In collaboration with A. Shvartsman and S. Gilbert, Lynch developed the RAMBO (Reconfigurable Atomic Memory for Basic Objects) algorithm, which maintains shared memory in rapidly changing networks that cannot assure access to a central server for data storage. It was originally envisioned for military applications as a means to preserve vital information for teams of soldiers operating in hostile environments. It also has applications for first responders where a stable infrastructure is not available.
In another recent project, Lynch and her collaborators proposed a new approach to programming mobile networks used for communication and for control of robots, cars and airplanes. It employs a new algorithm that allows actual mobile nodes to emulate some stationary virtual nodes, making the programming of mobile networks much easier. This emulation algorithm replicates the state of a virtual node at nearby mobile nodes, and enables the replicas to be transferred to different mobile nodes.
Lynch heads the Theory of Distributed Systems Group at CSAIL. Prior to joining MIT, she served on the faculty at Tufts University, the University of Southern California, Florida International University and the Georgia Institute of Technology. A graduate of Brooklyn College with a BS in mathematics, Lynch received a PhD in mathematics from MIT in 1972.
An ACM fellow and a member of the National Academy of Engineering, Lynch and her co-authors received the 2001 and the 2007 Dijkstra Prizes in Distributed Computing. She was the first woman to win the ACM Knuth Prize, also in 2007. She was a co-winner of the first van Wijngaarden Prize in 2006 from the National Institute for Research in Mathematics and Computer Science in The Netherlands. In 2010, she received the Emanuel R. Piore Award from the Institute for Electrical and Electronics Engineers.

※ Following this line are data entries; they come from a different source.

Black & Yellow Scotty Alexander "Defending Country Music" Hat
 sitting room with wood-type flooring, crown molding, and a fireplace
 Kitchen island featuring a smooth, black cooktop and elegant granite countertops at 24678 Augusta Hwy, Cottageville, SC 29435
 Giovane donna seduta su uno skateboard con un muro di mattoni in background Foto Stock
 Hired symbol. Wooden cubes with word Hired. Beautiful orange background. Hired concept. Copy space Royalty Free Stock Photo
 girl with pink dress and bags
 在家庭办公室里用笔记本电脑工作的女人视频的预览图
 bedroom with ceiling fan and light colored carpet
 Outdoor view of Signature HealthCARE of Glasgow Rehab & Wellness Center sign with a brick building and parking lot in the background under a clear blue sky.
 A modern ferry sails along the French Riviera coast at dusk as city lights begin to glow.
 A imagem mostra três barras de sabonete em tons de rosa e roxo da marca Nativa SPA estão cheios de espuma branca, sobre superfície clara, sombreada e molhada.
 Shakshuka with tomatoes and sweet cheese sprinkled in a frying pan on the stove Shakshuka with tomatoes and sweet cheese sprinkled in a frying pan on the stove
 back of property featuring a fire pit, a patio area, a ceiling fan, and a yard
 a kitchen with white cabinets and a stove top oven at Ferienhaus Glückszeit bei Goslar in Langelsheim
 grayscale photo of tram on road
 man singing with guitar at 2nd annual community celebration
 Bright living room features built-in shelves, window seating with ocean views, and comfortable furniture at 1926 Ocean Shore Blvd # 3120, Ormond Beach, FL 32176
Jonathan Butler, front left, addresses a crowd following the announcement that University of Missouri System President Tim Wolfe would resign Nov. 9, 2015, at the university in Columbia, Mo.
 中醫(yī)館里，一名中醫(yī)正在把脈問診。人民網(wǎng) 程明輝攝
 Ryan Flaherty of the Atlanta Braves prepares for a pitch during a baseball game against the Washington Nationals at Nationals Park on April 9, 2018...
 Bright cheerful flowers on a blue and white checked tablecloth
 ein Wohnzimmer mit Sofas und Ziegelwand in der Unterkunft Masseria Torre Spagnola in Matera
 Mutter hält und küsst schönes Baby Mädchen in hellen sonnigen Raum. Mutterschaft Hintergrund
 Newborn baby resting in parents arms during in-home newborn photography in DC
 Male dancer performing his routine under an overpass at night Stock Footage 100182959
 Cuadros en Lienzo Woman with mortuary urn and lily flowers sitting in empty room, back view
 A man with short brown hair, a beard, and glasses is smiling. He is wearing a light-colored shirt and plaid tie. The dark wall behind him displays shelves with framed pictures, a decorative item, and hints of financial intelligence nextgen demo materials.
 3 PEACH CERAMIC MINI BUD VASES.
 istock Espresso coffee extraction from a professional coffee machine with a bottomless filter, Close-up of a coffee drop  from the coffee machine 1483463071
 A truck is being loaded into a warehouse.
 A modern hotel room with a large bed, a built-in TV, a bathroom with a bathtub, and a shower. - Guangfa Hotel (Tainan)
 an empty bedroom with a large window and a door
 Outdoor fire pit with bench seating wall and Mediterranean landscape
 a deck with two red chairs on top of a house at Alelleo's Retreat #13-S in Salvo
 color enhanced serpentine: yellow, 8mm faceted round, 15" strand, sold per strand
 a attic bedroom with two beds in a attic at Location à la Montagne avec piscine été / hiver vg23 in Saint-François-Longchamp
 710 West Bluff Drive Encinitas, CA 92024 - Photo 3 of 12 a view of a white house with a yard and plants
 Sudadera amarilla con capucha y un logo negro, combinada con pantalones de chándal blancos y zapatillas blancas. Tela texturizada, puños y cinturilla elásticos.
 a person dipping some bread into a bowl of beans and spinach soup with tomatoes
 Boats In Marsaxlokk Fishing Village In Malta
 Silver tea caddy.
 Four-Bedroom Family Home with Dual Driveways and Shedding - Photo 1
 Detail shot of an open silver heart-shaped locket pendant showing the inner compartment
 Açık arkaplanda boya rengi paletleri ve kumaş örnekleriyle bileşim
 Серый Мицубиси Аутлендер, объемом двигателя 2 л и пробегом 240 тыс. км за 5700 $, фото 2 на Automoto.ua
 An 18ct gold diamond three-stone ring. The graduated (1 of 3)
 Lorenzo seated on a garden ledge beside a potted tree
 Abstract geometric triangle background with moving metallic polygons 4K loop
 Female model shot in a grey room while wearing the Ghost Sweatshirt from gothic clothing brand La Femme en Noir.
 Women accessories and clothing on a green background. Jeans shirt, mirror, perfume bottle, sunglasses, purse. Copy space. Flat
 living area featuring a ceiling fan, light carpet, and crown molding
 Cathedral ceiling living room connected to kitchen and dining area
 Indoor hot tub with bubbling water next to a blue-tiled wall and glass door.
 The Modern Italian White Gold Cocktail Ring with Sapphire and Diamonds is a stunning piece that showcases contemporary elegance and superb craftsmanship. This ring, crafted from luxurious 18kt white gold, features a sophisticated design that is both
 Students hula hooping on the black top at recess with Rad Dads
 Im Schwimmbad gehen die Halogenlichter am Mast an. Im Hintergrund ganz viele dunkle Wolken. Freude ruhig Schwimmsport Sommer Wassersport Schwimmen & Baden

The Athena Lecturer is invited to present a lecture at an ACM event. Lynch's lecture will be delivered at the 2013 joint meeting of the Symposium on Principles of Distributed Computing (PODC) and the Symposium on Parallel Algorithms and Architectures (SPAA) sponsored by the ACM Special Interest Groups on Algorithms and Computational Theory (SIGACT) and Computer Architecture (SIGARCH). Each year, the Athena Lecturer honors a preeminent woman computer scientist. Athena is the Greek goddess of wisdom; with her knowledge and sense of purpose, she epitomizes the strength, determination, and intelligence of the "Athena Lecturers." The 2012-2013 Athena Lecturer award will be presented at the ACM Annual Awards Banquet, June 16, in San Francisco.